La directrice générale du Fonds monétaire international, Christine Lagarde, s’est présentée jeudi à Paris devant la Cour de justice de la République pour une audition cruciale sur son rôle dans un arbitrage litigieux, qui pourrait lui valoir une mise en examen (inculpation).
Souriante, l’ex-ministre française de l’Économie, 57 ans, est arrivée en voiture, entrant dans l’immeuble devant une trentaine de journalistes qui l’attendaient derrière des barrières.
L’arbitrage de 2008 pour lequel elle a été convoquée avait permis à l’homme d’affaires Bernard Tapie d’empocher 400 millions d’euros lors du règlement d’un différend entre ce dernier et une banque publique française.
Une inculpation fragiliserait considérablement la position de celle qui a succédé en juillet 2011 à la tête du FMI à son compatriote Dominique Strauss-Kahn, contraint à la démission après une accusation de viol à New York.
Christine Lagarde ne serait toutefois pas légalement tenue de démissionner de son poste. Elle est convoquée par la justice en tant qu’ex-ministre française et non en qualité de patronne du FMI.

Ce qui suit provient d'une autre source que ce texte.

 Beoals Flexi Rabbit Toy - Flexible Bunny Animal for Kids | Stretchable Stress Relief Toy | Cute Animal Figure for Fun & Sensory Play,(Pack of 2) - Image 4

Les conséquences politiques d’une éventuelle mise en examen dépendront du degré de bienveillance des principaux États membres du Fonds, notamment des États-Unis, premier actionnaire.
Ministre de l’Économie de 2007 à 2011 sous la présidence de Nicolas Sarkozy, Christine Lagarde est la cible d’une enquête pour « complicité de faux et de détournement de fonds publics », visant son choix de recourir à cette époque à un arbitrage privé pour solder un vieux contentieux entre l’ex-banque publique Crédit lyonnais et Bernard Tapie sur le rachat d’Adidas.
Lors de son audition, qui pourrait durer deux jours, elle doit expliquer ses choix à la Cour de justice de la République (CJR), juridiction compétente pour juger les infractions commises par les ministres dans l’exercice de leurs fonctions.
En septembre 2008, Christine Lagarde s’était déjà longuement expliquée sur le recours à un tribunal arbitral qui a condamné le Consortium de réalisation (CDR), structure publique gérant le passif du Crédit lyonnais après sa quasi-faillite des années 1990, à verser à M. Tapie 285 millions d’euros d’indemnités (400 millions avec les intérêts).
L’ancienne ministre a toujours justifié l’arbitrage par la volonté de mettre fin à une procédure, selon elle longue et coûteuse. Elle avait démenti avoir agi sur ordre de Nicolas Sarkozy, qui aurait voulu ainsi obtenir le soutien de Bernard Tapie, ex-ministre de gauche dans les années 1990 et ex-président du club de football de Marseille (sud), champion d’Europe en 1993.